Back to hosptial with a two days of the results, another endoscopy done, this time into my small intestine. Apparently I have quite a bit of scarring from previous ulcers and that area of my small intestine is a little out of shape because of it. They treated me for H. pylori again, just incase. I was on LOSEC Hp7 OAC for a week. This was kill the H. pylori if it was there and to cut back my stomach acid and see if the ulcer heals.

In 3 weeks time I've to get a blood test for Zollinger-Ellison Syndrome, supposedly its rare, but because of the shape my small intestine was in the doctors want to make sure.

Well, where am I going with this? Basically, I seen my Irish doctor countless times about my pain, even after I had the endoscopy done. Nothing more was done.

Here in NZ, the doctors kept on looking until they found what was wrong. Granted, it went a stage further and caused me to pass out a few times and blood loss.

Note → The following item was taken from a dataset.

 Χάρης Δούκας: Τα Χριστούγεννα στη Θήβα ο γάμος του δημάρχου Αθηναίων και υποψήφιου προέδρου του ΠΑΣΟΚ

But they were still very detailed with checks.

Furthermore, my endoscopy experience in Ireland was terrible. I've had it done twice here and it was fine.

At the end of the day I'm finally happy that I know what was causing me pain for 10yrs and its getting sorted. Go NZ health care!!!!

tallaght01

When I worked in NZ, most of the docs were Irish.

But, in fairness, collapsing and needing a transfusion gets you a hell of a lot more investigations than having intermittent abdo pain.

Every doc in Ireland an NZ knows that intermittent abdo pain can be caused by ulcers. But there isn't the resources to investigate everyone so thoroughly.

NZ healthcare was in most ways much better than Irish healthcare, as they treat their staff much better, and there's less waiting about for stuff.

But, having said that, the standard of nurse and docs is pretty much the same in NZ as in Ireland in my opinion.

Rabies

I do agree that my case became worse and they did investigate more because of that. I was really impressed with speed of which my test were done and the standard of the health care. Big ups to the staff, they were all amazing.

When I was in Ireland and trying to tell my doctors that at times I'm buckled over in pain and can't stand straight at times wasn't getting me much attention. My fault for not pushing it harder. Only seen two different doctors and one consultant.